2) Does applying the principle of indifference produce a unique answer to a given problem when a people are allowed free choice about which sets of "indistinguishable" events they will use in applying the Principle of Indifference?
(I don't claim to know the answers to those questions. People who claim to have "the" (unique) answer to the Sleeping Beauty Problem can comment on 2.)
And the difference in the application of the weak and strong versions to this question, is that this choice is only possible in the weak. So your question does not apply to the strong. If you can demonstrate indifference, the result of applying the PoI should be the same regardless of which set you apply it to. If you can only demonstrate that lack of a difference, the question is a good one.
The Sleeping Beauty problem is a problem of applying probability theory to an imagined real life situation and, as such, involves a certain amount of physics…

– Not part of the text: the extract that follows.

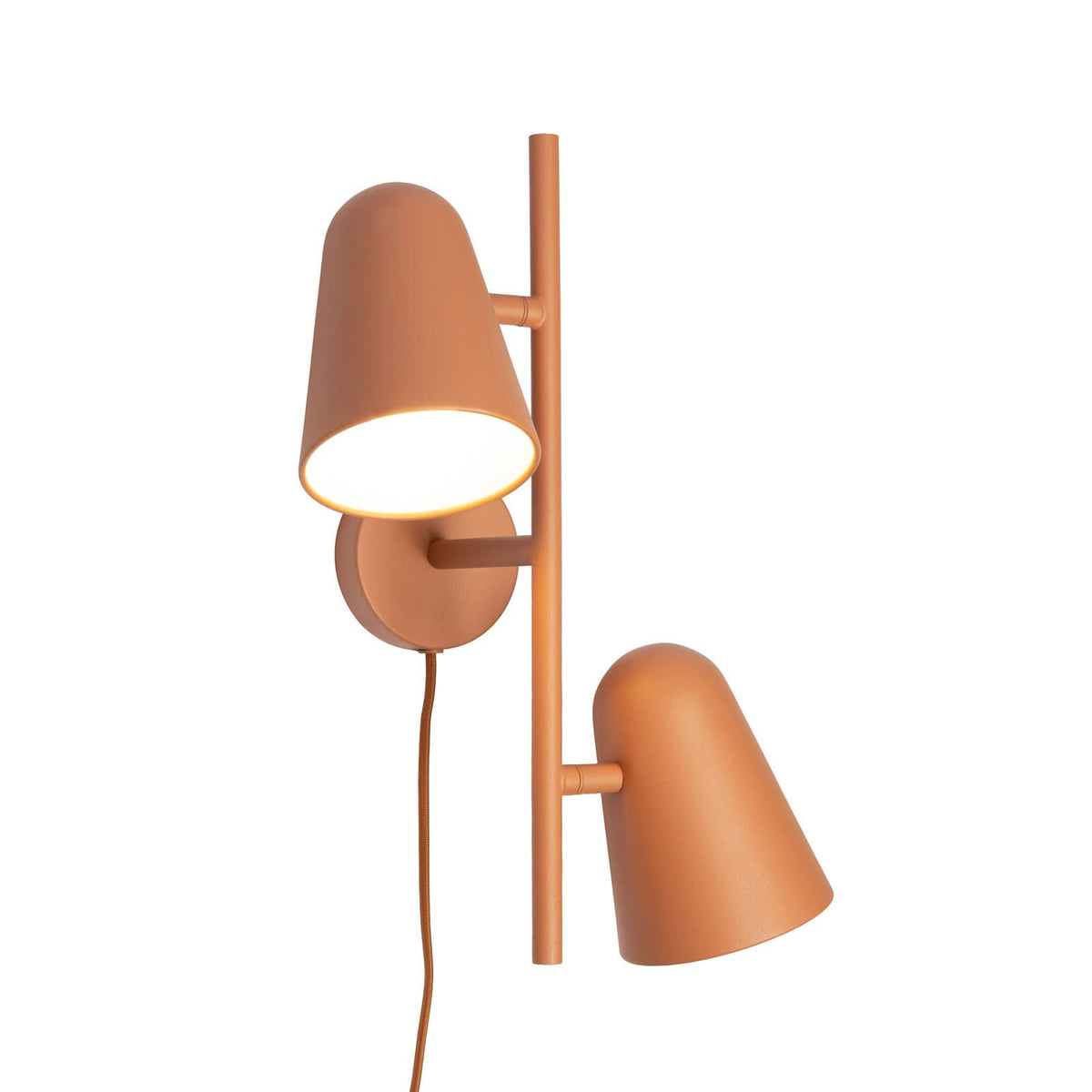 Applique murale Salamanca en métal, terracotta, 2 lumières, hauteur 43 cm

It is also one of applying probability theory. In that theory, a quantification such as “today is Monday” or “today is Tuesday” is random if you cannot determine which is correct, and both could be correct. There is no justification for a combination of the two in a strong PoI.

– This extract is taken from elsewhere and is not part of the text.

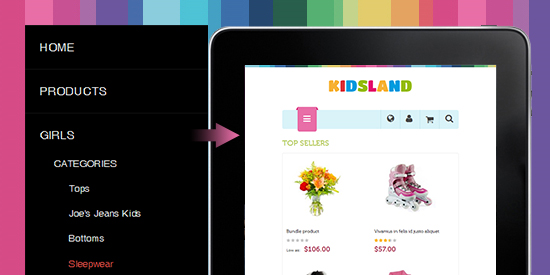 Responsive Magento theme Kidsland feature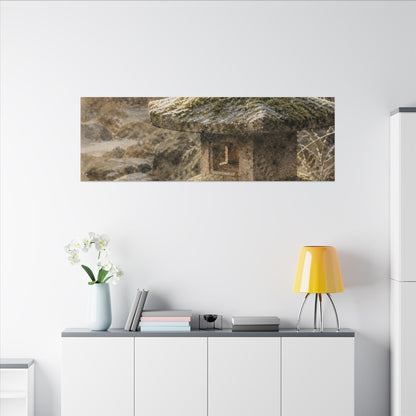 Winter Stone Lantern Watercolor Canvas Art | Earthy Decor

A straightforward interpretation of the experiment says that if the coin lands tails, both events B and C happen.
Sloppy. And part of the problem.
The neater interpretation, on Sunday, is that if the coin lands tails, both events WILL happen. Here I describe the events in a tense that is appropriate for the prior probability space. On Wednesday, we can say that both events DID happen. And that the posterior probability space appropriate for Wednesday has no “new information,” so it is identical to the prior.
But as you imply, an awake Beauty has to use the present tense. Whatever makes your B and C into a present-tense statement has to distinguish between B and C. What you overlook, is that the same is true after Heads. That is, the prior she needs to imagine requires four events:
A1 = (Heads, Monday will happen)
A2 = (Heads, Tuesday will happen)
B1 = (Tails, Monday will happen)
C1 = (Tails, Tuesday will happen)
Here, A1 and A2 represent the same future, as do B1 add C1. Inside the experiment, she needs to re-phrase these as "is happening," not "will happen." And the important part of however this is done, is that it separates these events into disjoint ones. Just how that is accomplished is the crux of the debate.
The halfer approach says that A2 is somehow eliminated from the event space. Without having to treat it, in Bayes Theorem, like you would any other eliminated event. But B1 and C1 morph into a quasi-same event: it is the same for determining the probability of H or T, but different for determining Monday or Tuesday. To me, this is absurd for two reasons: (1) The quasi-sameness is never explained; and (2) Event A2 still can happen. Somehow, halfers confuse "can't be observed by Beauty" with "can't happen." Which is also never explained.